It was a treat to create this local food inspired art for Salt & Soil Marketplace in Juneau, Alaska. A friend texted me the call for an artist and after a few scribbled sketches I worked up a full scale pencil sketch of this image and submitted it. I’m thrilled they chose me as their poster artist for 2019. This is the first time I’ve had posters made of my work and it was great fun to see it around Juneau. Their call for 2020 art is up on their website with all the details of what they are looking for. Also, the 2019 poster is available through them. http://saltsoilmarketplace.com
When designing the composition, I initially strove to include different categories of foods (both harvested and grown in Southeast Alaska) and create a pleasing flow that could translate to watercolor and allow mellow space for a logo. I decided to focus on produce (although they do offer soaps and other products) and set the scene to Southeast Alaska on a sunny day with simple leading ridgelines and a troller fishing salmon in the background. *Special thanks to my brother for letting me use his boat as a model. After getting the job, I reworked the original sketch further considering both texture and color. I also consulted with the marketplace folks to ensure that all items are at some point available through their venue. They gave me the idea of the garlic scapes which formed the perfect leading lines to create texture in the greens and focus the eyes on the logo.

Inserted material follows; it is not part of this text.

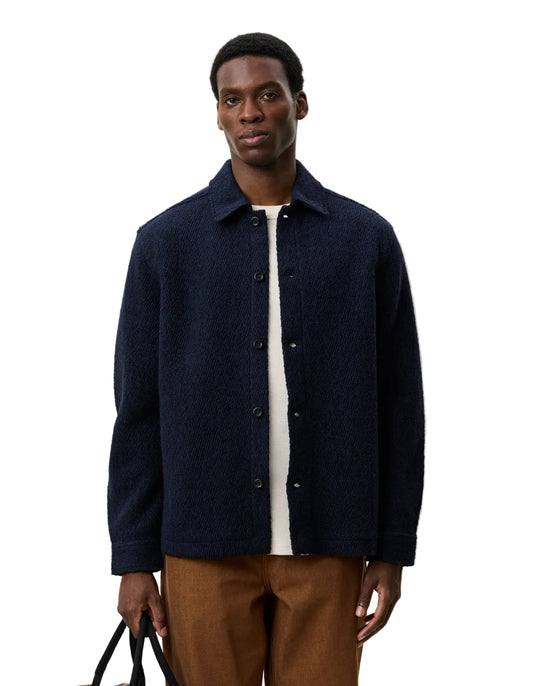 Wool Twill Overshirt Dark Navy Blue, vue 2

I’m typically inspired by real life moments and supplement my ideas and memories of objects with photos. I’m typically too slow to sketch and finish painting from a still life.
My garden and the wild edibles around us often inspire me to take photos. The gorgeous color of this red cabbage gave this mostly green hanging basket some needed depth. On a cabin trip, I was captivated by the crab apples, harvested more seed, and they are now on my composition list for future paintings, along with more thimble berries, and salmon berries.
Often I paint small groups of similar subjects. Recently, I focused on sketching tangles of nasturtiums and understanding their structure. The way they intertwine reminds me of celtic knots and I included some subtle knotting in some of the compositions. I also chose to experiment with backgrounds in colors other than blue. The tendency of nasturtium vines to include both green and red proved tricky and deserves to be part of another series of studies. The final painting has a bit more green. I enjoyed pushing the depth on these vines and this close up shows the layering and choices.
Our berry varieties provide opportunities to record the structure of edible flowers, fruit, and foliage, depending on the season. I will sometimes sketch or photograph to record structures. This simple painting of cloudberries was inspired by the sketch I did on top of Spaulding Meadows to record their structure.
I often include windows with mountain backgrounds in my still life paintings. This winter the conifers are reminding me to create a variety of treetops in my ridgelines, and include both hemlock and spruce the mix.